Cenaze de çocuğu basar, çocuk baskın olmasın diye cenazenin suyuyla yıkanır.
Kırklama; Kadın ve çocuğun rahata çıkması için doğumu yaptıran ebe, kadını ve çocuğu kırklar.
Yörede on beşinci gün on beş kırkı ve otuz sekizinci gün büyük kırkı olmak üzere iki defa, geçmişte olduğu gibi günümüzde de kırklama yapılmaktadır. On beş kırkında, temiz bir bezin içine 40 tane nohut veya buğdayın hepsine ayrı ayrı Kulfu Allah (İhlas Suresi) okunarak bağlanır, çocuğun ve kadının yıkama suyuna konur. Önce kadın temizce yıkanır. Yıkandıktan sonra çocuğu kucağına alarak leğenin içine oturur. Çocukla kadının başından okunmuş su aynı anda dökülür. Leğendeki su temiz bir yere dökülür; okunmuş nohut veya buğday ise dizilerek, çocuğu kırk basmasın diye, başının üzerine asılır. Büyük kırkında tekrar kullanılır.
Büyük kırkında yine aynı işlem olur. On beş kırkında okunan nohut ve buğdaya tekrar, tek tek İhlas Suresi okunur, beze konarak yıkama suyunun içine atılır. Kadın ve çocuk leğenin içerisine oturur; önce kadının sağ omuzdan şifa, rahatlık, uyku suyu olmak üzere üç defa; sonra başın üzerinden üç defa aynı şekilde, son olarak da sol omuza üç defa çocuğa aynı anda olmak üzere su dökülür. Daha sonra kırk suyundan evin dört bir köşesine dökülür. Dökerken de, “kırk kırk evden barktan çık çık, evde kalma çık dışarıya, bebek büyüsün çık çık” denir.

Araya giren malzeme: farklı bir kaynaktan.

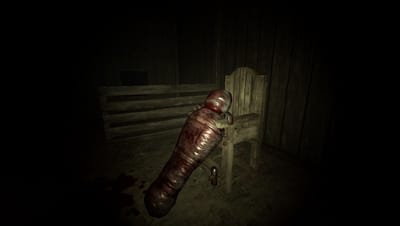 3D Atmosphere Horror Prototype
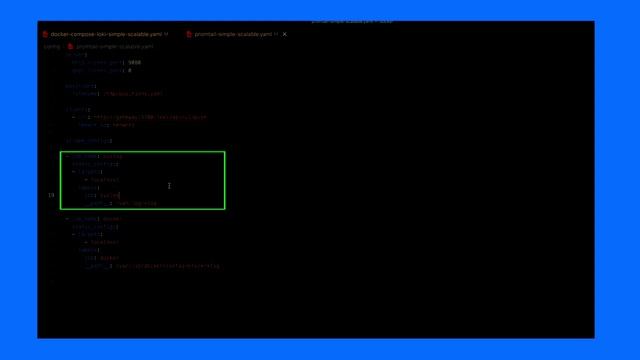 How to setup Grafana Loki on Docker смотреть онлайн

Kırklamadan sonra çocuk dışarı çıkartılır. Buna “kırk uçurma” denir; kırk uçurmaya gidilen evde çocuğun kundağına yumurta konur, yüzüne un sürülür. Elbise ve mendil verenler de olur. Kırklı iken ölen kadına şehit denir.
İki üç gün sonra çocuğun asıl adı konur. Ad koyma hakkı anne babanındır. Ancak yörede adı ailenin büyükleri vermektedir.
Beşik; İlk çocuğun beşiğini kızın ailesi getirir. Aile gücüne göre beşikle birlikte çocuğun tüm ihtiyaçlarını alır ve bir altınla beşiği götürür. Konu komşu herkes toplanır; yenir, içilir ve çocuk beşiğe konur. Çocuk beşiğe konmadan beşiğin demiri üç kere dişlenir ki, beşik çocuğu ısırmasın.
Çocuk beşiğe konurken, beşiğin üstünden kırılmış şeker ve çikolata serpilir. Orada bulunan çocuklar şekerleri toplar. Bütün çocuklara yapılan bu uygulama günümüzde de geçerliliğini sürdürmektedir.